Vers un avenir radieux, de Nanni Moretti : Moretti, inspiré quand il parle de lui-même

Au bout d’un moment, le personnage de cinéaste qu’incarne Nanni Moretti dans Vers un avenir radieux conclut qu’il en est arrivé à la fin de tout. Fin de son couple, fin du cinéma, fin de la gauche, bref, tout semble lui glisser sous les pieds en même temps. N’allez pourtant pas croire que le 14e long métrage de ce cinéaste déjà lauréat de la Palme d’or (La chambre du fils en 2001) soit lourd pour autant. Bien au contraire. À vrai dire, on a un peu l’impression qu’après le décevant Tre piani, également en compétition à Cannes en 2021, Nanni Moretti effectue une espèce de retour aux sources en faisant ce qu’il fait de mieux : parler de lui-même. À 69 ans, le cinéaste italien est toujours aussi passionné de cinéma, bien qu’il commence à se sentir vieillissant et que la compréhension d’un monde en perpétuel changement ne soit pas toujours évidente à ses yeux. Dans cette nouvelle comédie dramatique, Moretti se glisse dans la peau d’un cinéaste prénommé Giovanni (le vrai prénom de Nanni Moretti), qui estime pouvoir raconter l’histoire du parti communiste italien, que plus personne ne connaît, à travers un grand film politique sur la répression hongroise par les Soviétiques en 1956. Évidemment, rien ne fonctionne (Mathieu Amalric joue un producteur français au bord de la faillite), pas plus que la vie personnelle du cinéaste, alors que son amoureuse (Margherita Buy), qu’il aime depuis 40 ans, songe à le quitter.
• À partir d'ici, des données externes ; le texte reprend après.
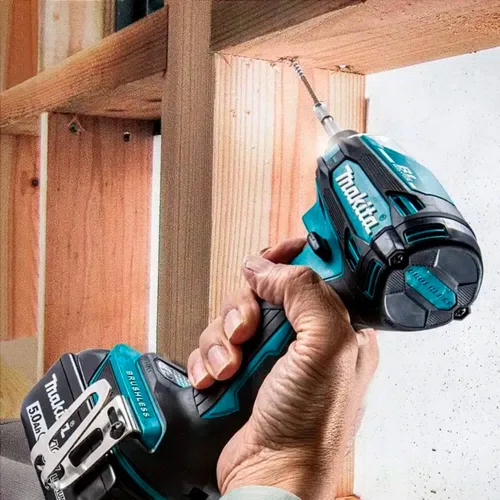 Parafusadeira de Impacto 18V DTD156Z + Carregador DC18RC + Bateria BL1830B - Makita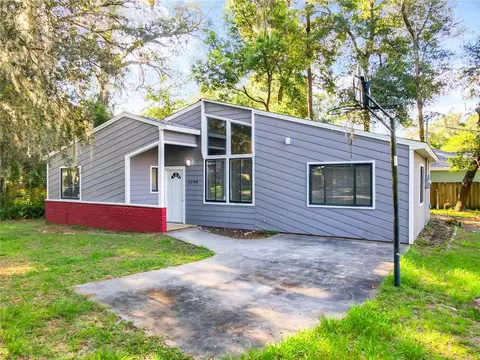1590 20th St, Orange City, FL 32763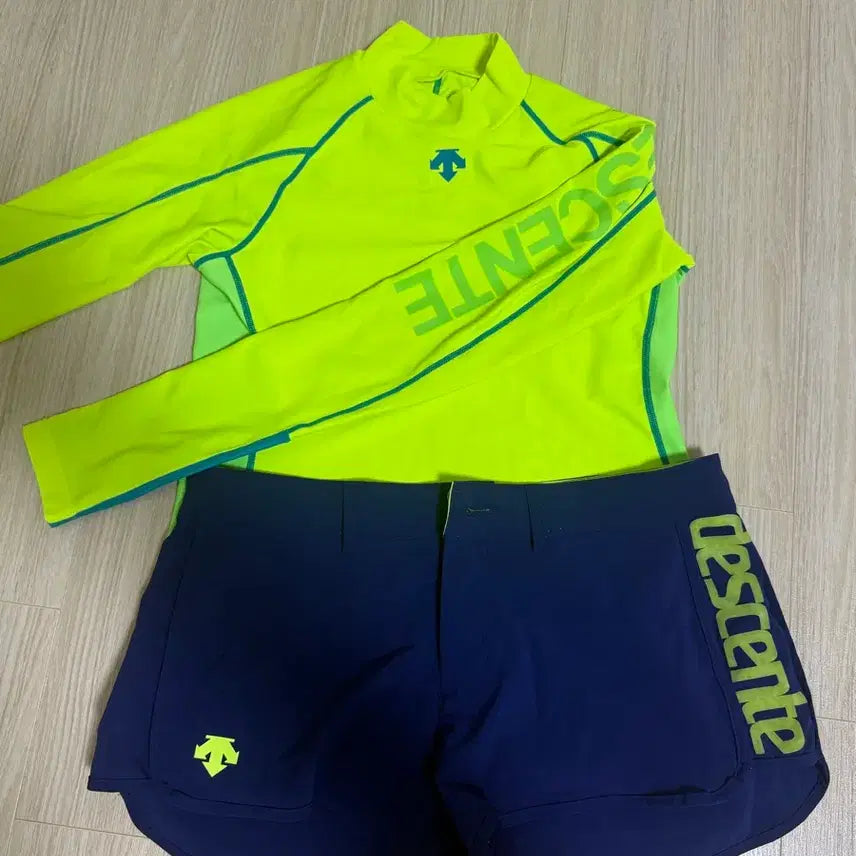 [BUNJANG] Descente Rash Guard Top and Bottom Set / 데상트 래쉬가드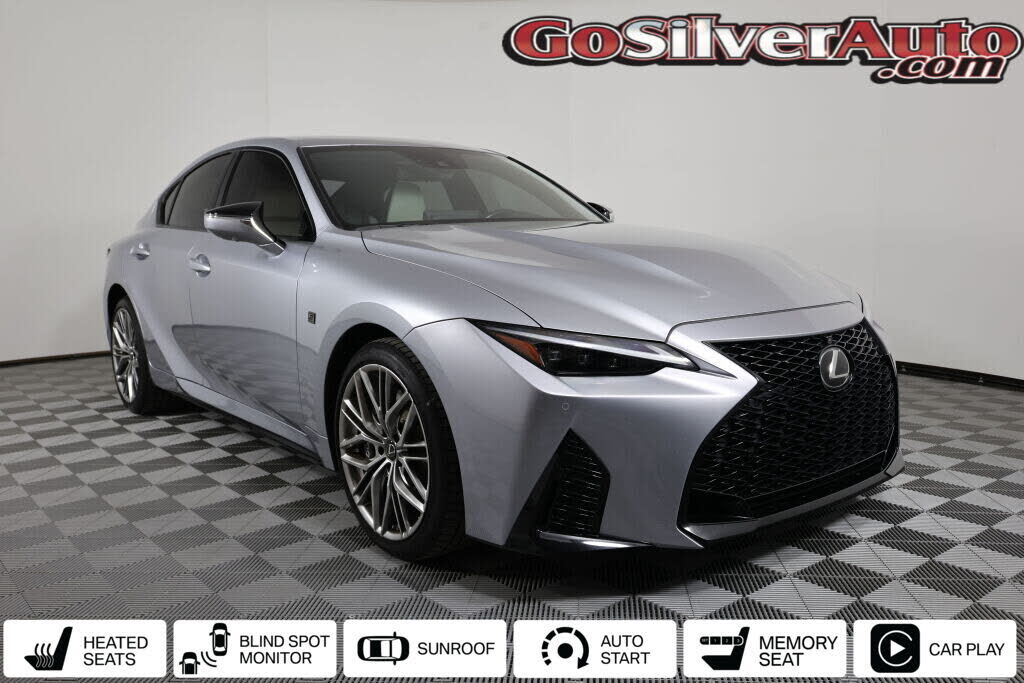 2022 LEXUS IS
Ponctué de vieilles chansons populaires, piquant Netflix au passage au cours d’une rencontre où le seul argument du diffuseur en ligne est d’être présent dans 190 pays, Vers un avenir radieux emprunte un peu la forme d’un film-somme célébrant une carrière maintenant riche de cinq décennies. Ça vaut bien un défilé à la fin !

Les filles d’Olfa, de Kaouther Ben Hania : un récit poignant

PHOTO FOURNIE PAR JOUR2FÊTE

Une scène tirée de Les filles d’Olfa. Le film de Kaouther Ben Hania est sélectionné à Cannes en compétition officielle.

Les filles d’Olfa est le sixième long métrage de Kaouther Ben Hania, une cinéaste tunisienne dont la renommée internationale s’est accrue il y a deux ans, quand L’homme qui a vendu sa peau fut retenu aux Oscars parmi les cinq finalistes dans la catégorie du meilleur film en langue étrangère. Participant à la course à la Palme d’or pour la première fois, la réalisatrice propose une docufiction tirée d’une histoire réelle, dans laquelle des actrices sont invitées à jouer des pans d’une histoire survenue au début des années 2010, que racontent les vraies personnes l’ayant vécue. Ainsi, Olfa décrit la vie de sa famille avec ses quatre filles pendant qu’une actrice l’incarne dans les reconstitutions. Il en est de même pour les deux plus jeunes enfants de la fratrie, maintenant adolescentes. Deux comédiennes jouent les deux aînées en permanence, ces dernières s’étant radicalisées et ayant rejoint les rangs du groupe État islamique. L’exercice est d’évidence fascinant, mais ce procédé ne se révèle pas toujours opportun, dans la mesure où le spectateur est toujours ramené aux artifices du cinéma, ce qui crée une sorte de distance. Cela dit, Les filles d’Olfa est ponctué de moments poignants et pourrait très bien se retrouver au palmarès.